Since the core of this change is HTTP parsing, and while I am not calling into doubt the quality of work, I am wondering how best to introduce this change. There are sort of two competing thoughts I see on this:

  1. We aim for 20.6 which still provides 6 months to deal with stabilizing it before an LTS; or
  2. We implement it as an “opt-in” or “beta” feature

I realize that option 2 would require a lot of work, and a high level of complexity. But I am also worried that there is such a huge amount of new tests we need to cover that, as we know, we are bound to miss something.

API changes

I have found myself overriding these, from time to time. I think we can still keep these in the API if for nothing else as hooks. If not, then perhaps we add calls to them with a warning that the methods have been removed, and then completely remove them after a further release.


Final thoughts

@Tronic, what do you see as the biggest remaining gaps/obstacles? Test coverage?

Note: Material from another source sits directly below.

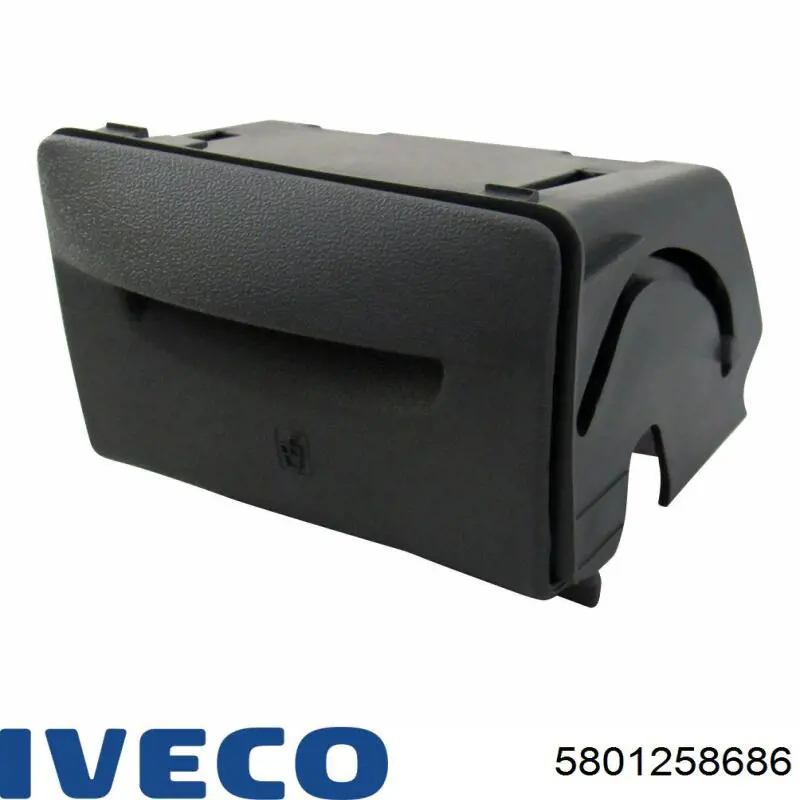 Купить 5801258686 Iveco 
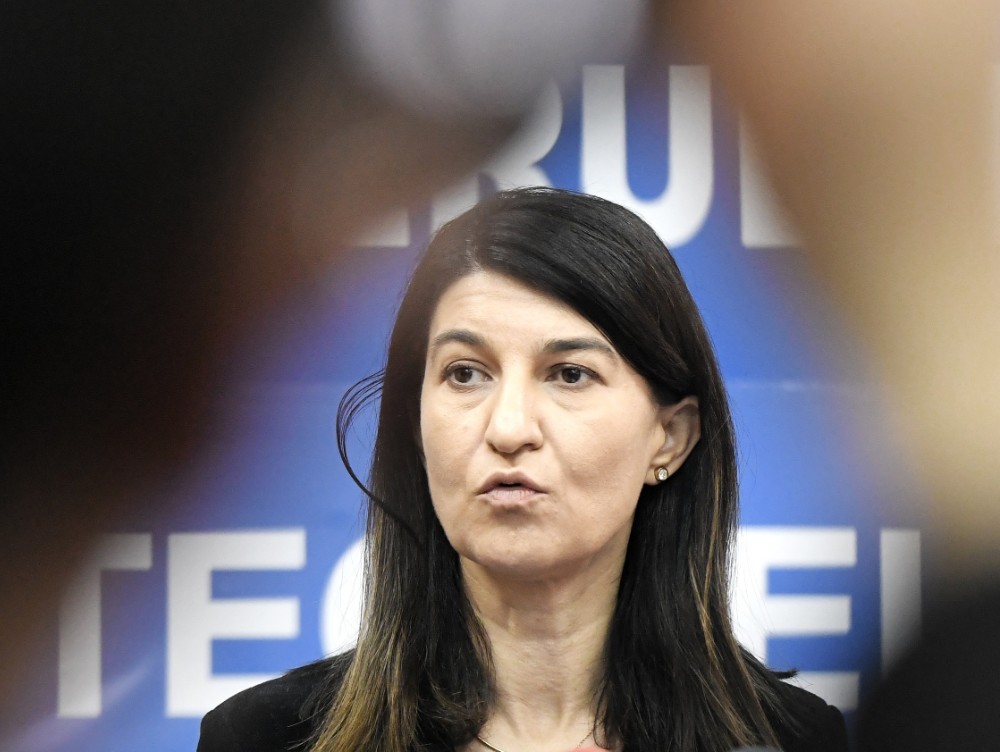 O noua rundă de concedieri făcută de guvernul PNL. Care sunt BUGETARII care vor rămâne fără LOC de MUNCĂ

Request size limit is enforced when starting to receive the body, or when the known size at any phase becomes larger than the current limit. For instance, someone may send content-length header with a very large number, causing the request to be rejected as soon as either the handler or the internal logic (for non-streaming routes) attempts to read request body. Similarly in chunked encoding at some point a chunk with very large size may appear, causing instant rejection without actually receiving until the limit is hit.

However, the asyncio protocol level receive buffer needs to be made smaller. The current code just uses REQUEST_MAX_SIZE for that but it should rather be around 64 KiB instead. Otherwise the sender may send too much before the app even tries to receive any of it. Whether this needs to be configurable, like on websocket, and whether the send buffer also needs to be, is an open question.

Middleware issues: I’ve found no adequate way of handling streaming bodies but AFAIK all standard functionality is in place.

HTTP parsing does not check for invalid header names (like httptools does) and might be more strict about newlines (CRLF vs. LF) and charsets (line-by-line autodetection of those would be slow).

The response API is still in flux and there are several ways to go. The current approach cannot support await file_stream("filename") to actually stream the response because it has no access to the request, stream or any other objects to do so. It is possible to fix that by async-local global variables, as is done by Quart because it has to emulate Flask’s thread-local request and response globals. This would also avoid the need for request.respond() as I’ve currently circumvented this issue, but there are also pretty big drawbacks in that design.

The refactoring is related. I think I’ll need a new “glue” class to hold various things now scattered across, and that really are shared between all of them.